TASK DESCRIPTION:
The answer must repeat each line of the material exactly.
** SUPPLIED RECORDS follows **
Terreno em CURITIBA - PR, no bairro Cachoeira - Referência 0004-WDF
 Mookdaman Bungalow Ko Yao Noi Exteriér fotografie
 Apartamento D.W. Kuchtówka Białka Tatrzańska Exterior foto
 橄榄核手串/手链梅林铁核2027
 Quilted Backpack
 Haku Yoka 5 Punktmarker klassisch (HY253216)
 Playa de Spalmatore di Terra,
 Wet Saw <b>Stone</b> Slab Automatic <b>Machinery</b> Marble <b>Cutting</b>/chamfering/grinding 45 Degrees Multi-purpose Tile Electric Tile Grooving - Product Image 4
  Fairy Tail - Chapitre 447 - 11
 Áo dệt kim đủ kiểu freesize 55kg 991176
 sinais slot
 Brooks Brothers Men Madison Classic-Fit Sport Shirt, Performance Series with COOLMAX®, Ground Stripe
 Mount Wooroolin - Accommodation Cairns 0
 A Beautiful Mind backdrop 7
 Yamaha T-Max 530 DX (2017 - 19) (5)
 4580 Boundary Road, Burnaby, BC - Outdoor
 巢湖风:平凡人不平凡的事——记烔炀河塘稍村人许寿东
** End of SUPPLIED RECORDS **
EXERCISE OUTPUT:
Terreno em CURITIBA - PR, no bairro Cachoeira - Referência 0004-WDF
 Mookdaman Bungalow Ko Yao Noi Exteriér fotografie
 Apartamento D.W. Kuchtówka Białka Tatrzańska Exterior foto
 橄榄核手串/手链梅林铁核2027
 Quilted Backpack
 Haku Yoka 5 Punktmarker klassisch (HY253216)
 Playa de Spalmatore di Terra,
 Wet Saw <b>Stone</b> Slab Automatic <b>Machinery</b> Marble <b>Cutting</b>/chamfering/grinding 45 Degrees Multi-purpose Tile Electric Tile Grooving - Product Image 4
  Fairy Tail - Chapitre 447 - 11
 Áo dệt kim đủ kiểu freesize 55kg 991176
 sinais slot
 Brooks Brothers Men Madison Classic-Fit Sport Shirt, Performance Series with COOLMAX®, Ground Stripe
 Mount Wooroolin - Accommodation Cairns 0
 A Beautiful Mind backdrop 7
 Yamaha T-Max 530 DX (2017 - 19) (5)
 4580 Boundary Road, Burnaby, BC - Outdoor
 巢湖风:平凡人不平凡的事——记烔炀河塘稍村人许寿东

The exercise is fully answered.